We shall next show in what ratio the resistance to fracture in prisms and cylinders increases with increasing thickness while [160] the length remains unchanged. Here I say that (Proposition 4): In prisms and cylinders of equal length but of unequal thicknesses, the resistance to fracture increases in the same ratio as the cube of the diameter of the thickness, i.e., of the base.
Let A and B be two cylinders of equal lengths DG, FH; let their bases be unequal, namely, the circles with the diameters CD, EF. Then I say that the resistance to fracture offered by the cylinder B is to that offered by A as the cube of the diameter EF is to the cube of the diameter CD. For if we consider the resistance to fracture by longitudinal pull as dependent upon the bases, i.e., upon the circles EF and CD, no one can doubt that the resistance of the cylinder B is greater than that of A in the same proportion in which the area of the circle EF exceeds that of CD; this is so because it is precisely in this ratio that the number of fibers binding the parts of the solid together in the one cylinder exceeds that in the other cylinder. But in the case of a force acting transversely, it must be remembered that we are employing two levers in which the forces are applied at distances DG and FH, and the fulcrums are located at the points D and F; and the resistances act at distances that are equal to the radii of the circles CD and EF, since the fibers distributed over these entire cross sections act as if concentrated at the centers. Remembering this and remembering also that the arms, DG and FH, through which the forces G and H act are equal, we can understand that the resistance located at the center of the base EF and acting against the force H is greater than the resistance at the center of the base CD opposing the force G in the ratio of the radius EF to the radius CD. Accordingly, the resistance to fracture offered by the cylinder B is greater than that of the cylinder A in a ratio which is compounded of that of the area of the circles EF and CD and that of their radii, or of their diameters. But the areas of circles are as the squares of their diameters. Therefore, the ratio
of the resistances, being the product of the two preceding ratios, is the same as that of the cubes [161] of the diameters. This is what I set out to prove.
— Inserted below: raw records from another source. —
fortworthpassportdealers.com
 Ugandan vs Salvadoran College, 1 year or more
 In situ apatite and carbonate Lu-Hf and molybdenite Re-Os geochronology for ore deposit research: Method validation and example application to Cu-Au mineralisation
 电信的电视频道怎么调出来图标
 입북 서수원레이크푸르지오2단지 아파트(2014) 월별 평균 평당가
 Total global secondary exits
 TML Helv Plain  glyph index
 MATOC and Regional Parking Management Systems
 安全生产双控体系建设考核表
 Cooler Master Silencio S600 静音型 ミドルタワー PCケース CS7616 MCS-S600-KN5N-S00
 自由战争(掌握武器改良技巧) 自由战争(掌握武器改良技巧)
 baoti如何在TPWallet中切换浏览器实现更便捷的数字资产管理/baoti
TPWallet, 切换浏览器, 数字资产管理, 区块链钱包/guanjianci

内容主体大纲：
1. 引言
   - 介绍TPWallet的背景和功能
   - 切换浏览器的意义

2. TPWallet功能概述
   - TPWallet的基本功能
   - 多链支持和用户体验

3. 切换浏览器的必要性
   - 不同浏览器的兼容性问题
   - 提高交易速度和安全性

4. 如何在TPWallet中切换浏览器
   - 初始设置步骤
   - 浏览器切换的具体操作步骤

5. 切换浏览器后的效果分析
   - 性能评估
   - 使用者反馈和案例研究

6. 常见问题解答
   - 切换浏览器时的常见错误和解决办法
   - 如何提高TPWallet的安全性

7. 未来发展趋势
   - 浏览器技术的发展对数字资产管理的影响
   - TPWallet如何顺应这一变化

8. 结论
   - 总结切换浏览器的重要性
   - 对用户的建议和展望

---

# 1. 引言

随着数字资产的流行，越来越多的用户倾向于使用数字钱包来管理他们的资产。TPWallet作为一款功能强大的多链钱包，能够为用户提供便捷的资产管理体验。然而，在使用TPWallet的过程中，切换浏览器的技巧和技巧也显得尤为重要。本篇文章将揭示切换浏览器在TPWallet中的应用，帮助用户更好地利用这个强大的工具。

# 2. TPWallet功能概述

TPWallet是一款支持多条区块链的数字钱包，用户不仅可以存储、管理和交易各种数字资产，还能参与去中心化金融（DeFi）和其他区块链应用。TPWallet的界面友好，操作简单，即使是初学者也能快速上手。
Moreover, since the volume of a cube varies as the third power of its edge, we may say that the resistance of a cylinder whose length remains constant varies as the third power of its diameter. So from the preceding we are also able to derive a Corollary: The resistance of a prism or cylinder of constant length varies as the three-halves power of its volume or weight. This is evident as follows. The volume of a prism or cylinder of constant altitude varies directly as the area of its base, i.e., as the square of a side or diameter of this base. But as just demonstrated, the resistance varies as the cube of this same side or diameter. Hence, the resistance varies as the three-halves power of the volume—and consequently also of the weight—of the solid itself.